The Inflation Reduction Act (IRA) passed last year by Democrats extended a 30% tax credit for wind, solar and other green energy projects, but also provided an extra 10% boost to those investing in so-called “energy communities.”

The boosted tax credit is central to the administration’s goal of ensuring areas long dependent on fossil fuels benefit from clean energy. It also helped secure West Virginia Democrat Joe Manchin’s essential support for the bill.

The extra credit will likely cover projects in places like coal-heavy Appalachia decimated by mine and plant closures.

“Communities like coal communities have the knowledge, infrastructure, resources and know-how to play a leading role in the move to a clean energy economy,” U.S. Deputy Treasury Secretary Wally Adeyemo said.
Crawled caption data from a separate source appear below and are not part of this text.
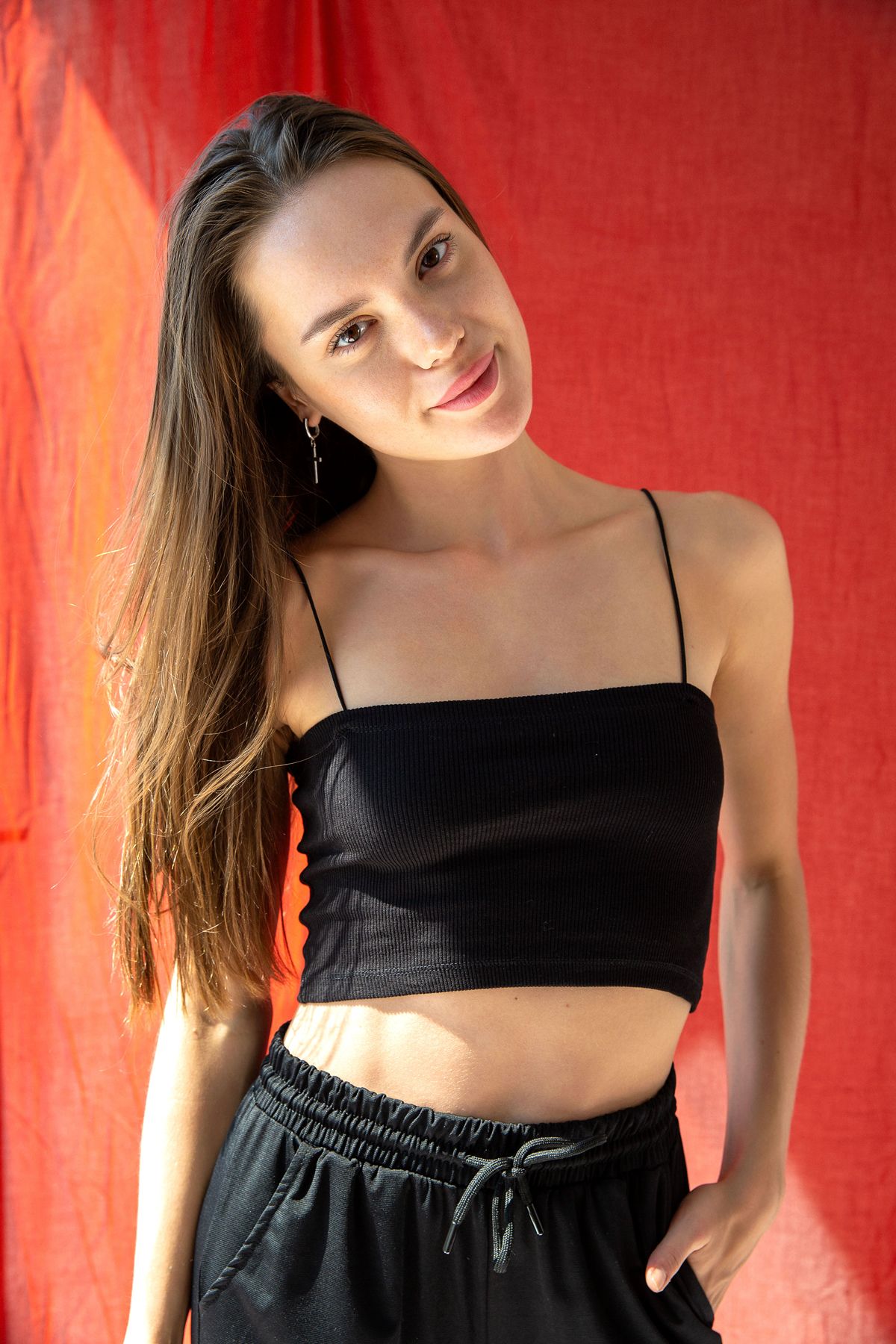 Clu Siyah İp Askılı Örme Crop Top
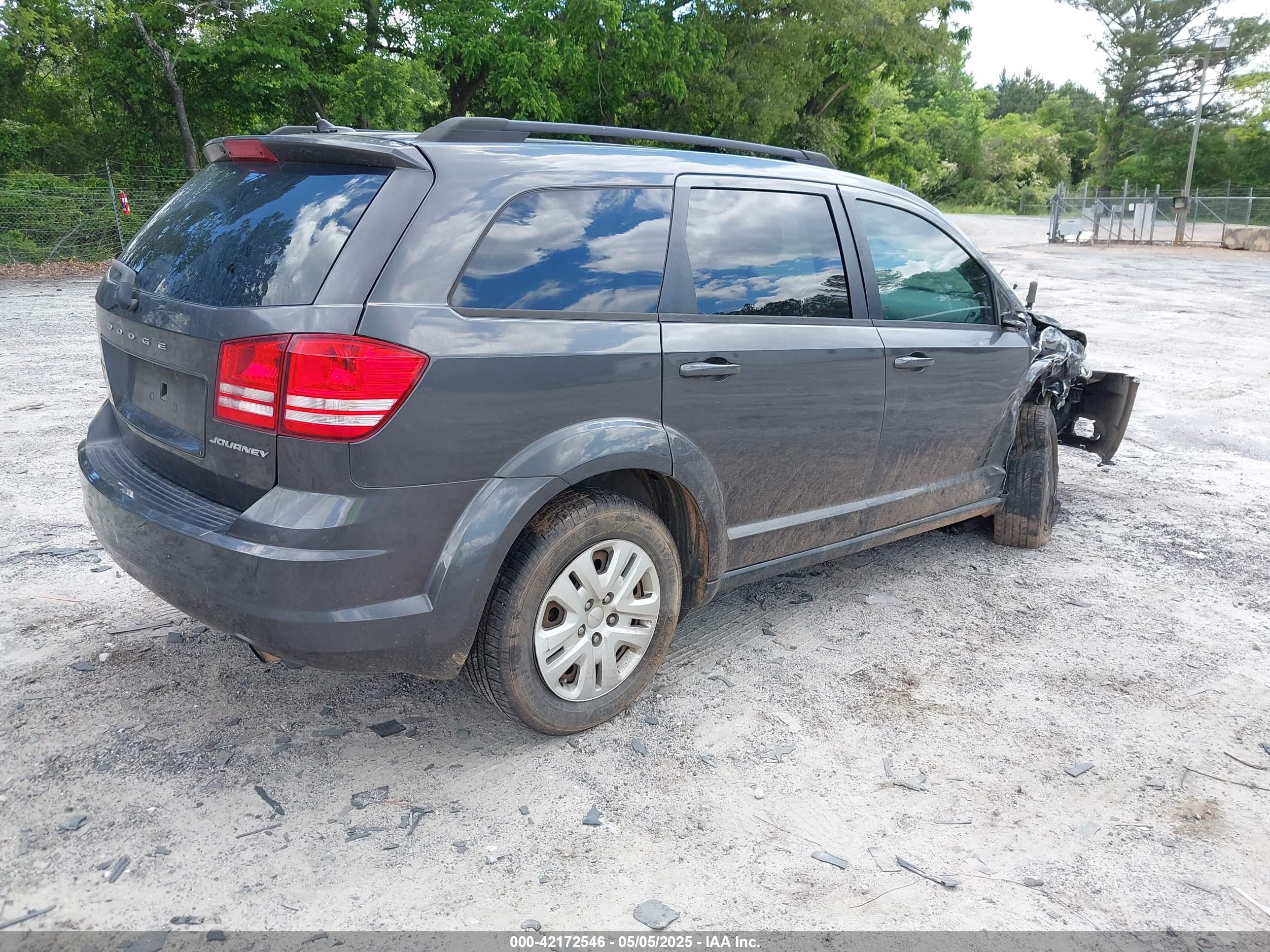 DODGE JOURNEY image 4
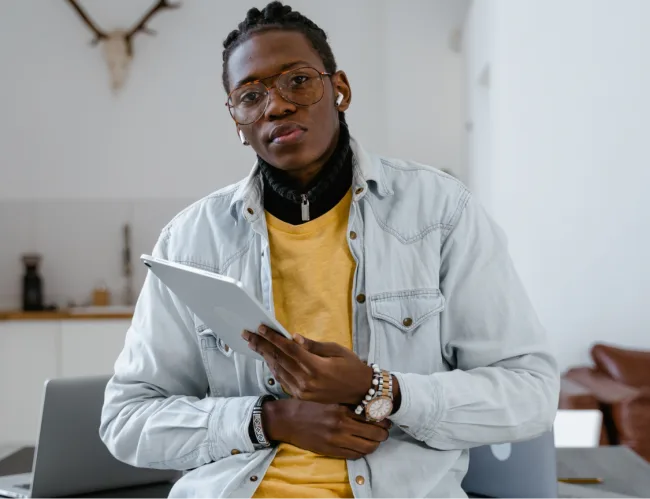 Keep track of your Orders & Customers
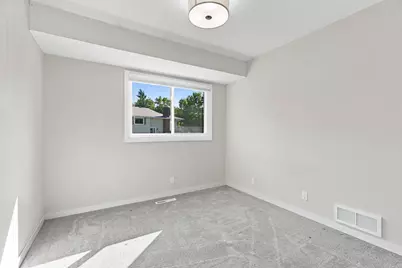 10422 Decatur Avenue S, Bloomington, MN 55438 - Photo 22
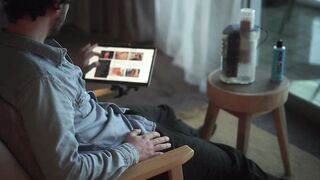 Pure Pleasure Male Masturbation Enhanced by Technology： Carl and AutoBlow IA Ultra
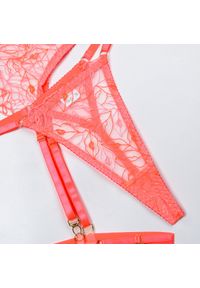 Intica - Komplet bielizny z haftem na romantyczne wieczory Heejeong. Kolor: pomarańczowy. Materiał: materiał. Wzór: haft #2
The bonus credit also is available to other “energy communities” – areas that have significant employment or local tax revenues from fossil fuels and higher than average unemployment.

To qualify for the bonus, a metropolitan statistical area or non-metropolitan statistical area must have or have recently had at least 0.17% direct employment, or at least 25% local tax revenues related to the extraction, processing, transport, or storage of coal, oil, or , the Treasury Department said.

The community must also have an unemployment rate at or above the national average unemployment rate for the previous year.

The text of the IRA specifies that “brownfield” properties contaminated by hazardous materials or other pollutants, also qualify as energy communities and Treasury is partnering with an interagency group to help identify areas that may be eligible for the bonus tax credit.

The Treasury said it will open project applications for the first round of coal and energy communities tax credits on May 31.

The Treasury will also release a searchable mapping tool that helps identify areas that may be eligible for the energy community bonus based on the fresh guidance. The bipartisan infrastructure bill and IRA tend to favor red states, including those that have been heavy coal producers.

The Department of Energy is also announcing that it is making $16 million available through the IRA to the University of North Dakota and West Virginia University to complete design studies on refineries that will extract and separate rare earth elements and other critical minerals from coal ash, acid mine drainage, and other mine waste. Those minerals are crucial to producing clean energy technologies like batteries and solar panels.